When Labour lost the Holyrood elections in May, the Scottish National Party (SNP) formed a government. In her first 100 days, health secretary Nicola Sturgeon delivered on a pledge to overturn decisions to close A&E departments at Monklands in Airdrie, Lanarkshire and Ayr.
During half a century of Labour dominance of Scottish politics, the SNP had been a party of opposition and never of government, leaving commentators asking whether Scotland was preparing to go its own way on health.
Speaking exclusively to GP, Ms Sturgeon embraces the question: 'It already goes its own way on health. We'll continue to do what's best for Scotland while co-operating with other parts of the UK on regulation of professionals and pay.'
Scotland's future NHS
So how does her vision for the NHS in Scotland differ from what is happening in England?
Ms Sturgeon emphasises collaboration, partnership and co-operation and adds: 'The focus on markets and competition is not an approach we've chosen to take in Scotland.'
But why do markets not work in Scotland?
'There has to be a collaborative approach with different health professionals. Different parts of the health system need to work together and we've still considerable work to do in terms of improving the quality of clinical care.'
She points out that the law enables alternative providers to hold primary care contracts in Scotland as in England, but that no successful APMS bidder has been awarded a contract.
Ms Sturgeon refuses to rule out the possibility of Scotland-only changes to the GMS contract in the future but says that, for the time being, this is not something she envisages.
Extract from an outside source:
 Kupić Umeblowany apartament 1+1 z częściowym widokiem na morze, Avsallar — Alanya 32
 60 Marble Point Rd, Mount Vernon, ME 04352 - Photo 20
'I see no need to move to that just now. But none of us know what will happen in the future. We'll always do what's best for the health service in Scotland, but I see no immediate need to change.'
She says the same applies to pay negotiations and describes as 'speculation' a question asking whether GPs in Scotland should expect a third successive pay freeze in 2008/9.
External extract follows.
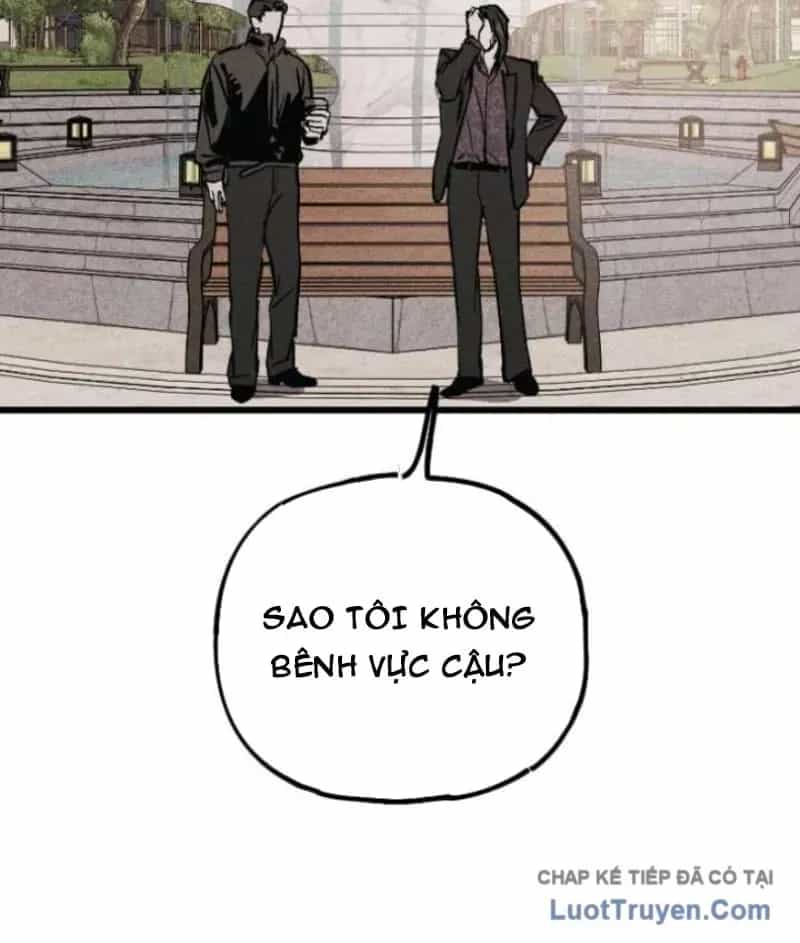 Diễn Viên Gangster - Chương 33 - ảnh 243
'We'll have to see what the outcome of negotiations for next year will be,' she says, adding that for the moment she is happy that those are conducted UK-wide.
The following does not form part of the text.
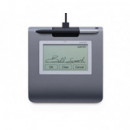 WACOM STU-430 - Tableta de Firmas Lcd USB Gris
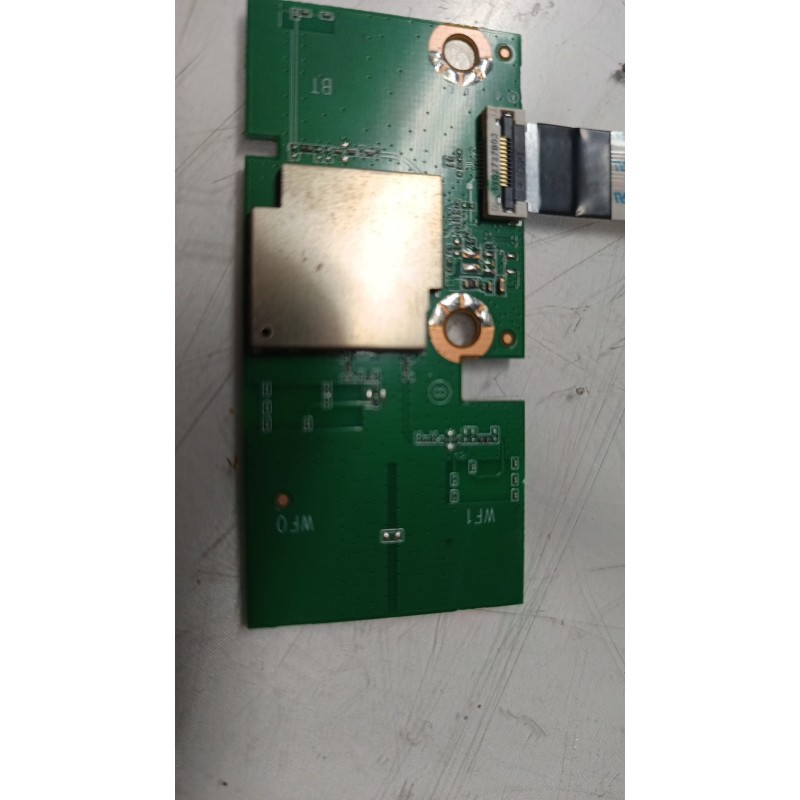 copy of 43A6BG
Asked whether she feels that she has the backing of the medical profession, she says: 'My gut feeling would be yes. I don't think GPs in Scotland want to see a system of the private sector providing services and I don't think it is in the interests of patients.'
However, one SNP proposal, for 'life begins' health checks for all adults aged 40, has attracted medical criticism for preoccupying GPs with the well at the expense of the chronically ill.
But she counters: 'We're going to push forward with this and are already working on the detail. It's an important step forward and will put a much greater focus on anticipatory care identifying problems before they arrive.
'GPs will have a big role to play, no doubt about that.'
Another source of concern for GPs is the proposal by NHS24, Scotland's version of NHS Direct, that it be employed by primary care organisations in-hours to enable practices to close and then re-open later for extended hours.
Ms Sturgeon comments: 'I've said very clearly that I want to see more flexibility in the primary care system. It's something we are in discussion with GPs about. NHS24 may have a role to play in that. At the moment and for the foreseeable future it should be about improving the service out of hours.
'It has made a lot of improvements but still has a way to go in improving its performance.' She said Scotland was already pursuing its version of the polyclinic plans proposed for London by new health minister for England and surgeon Lord Ara Darzi.
She bats away speculation that the Barnett formula, which gives Scotland an extra £1,500 per head of population each year, should be reviewed. The Scottish government would prefer to have complete financial autonomy.
So, four months and more than 100 days into power, what is her message to GPs?
'I think they do a wonderful job often in very difficult circumstances. I want to work with them to make sure we continue to provide a good service and improve the service for patients that takes account of changes in society and the different ways that people lead their lives.'
- Deputy first minister of Scotland, cabinet secretary for health and well-being, deputy leader of the SNP and MSP for Glasgow Govan.
- Born: 19 July 1970.
- MSP since first elections to the Scottish Parliament in 1999.
- Worked as a solicitor before political career.
- Partner is SNP chief executive Peter Murrell.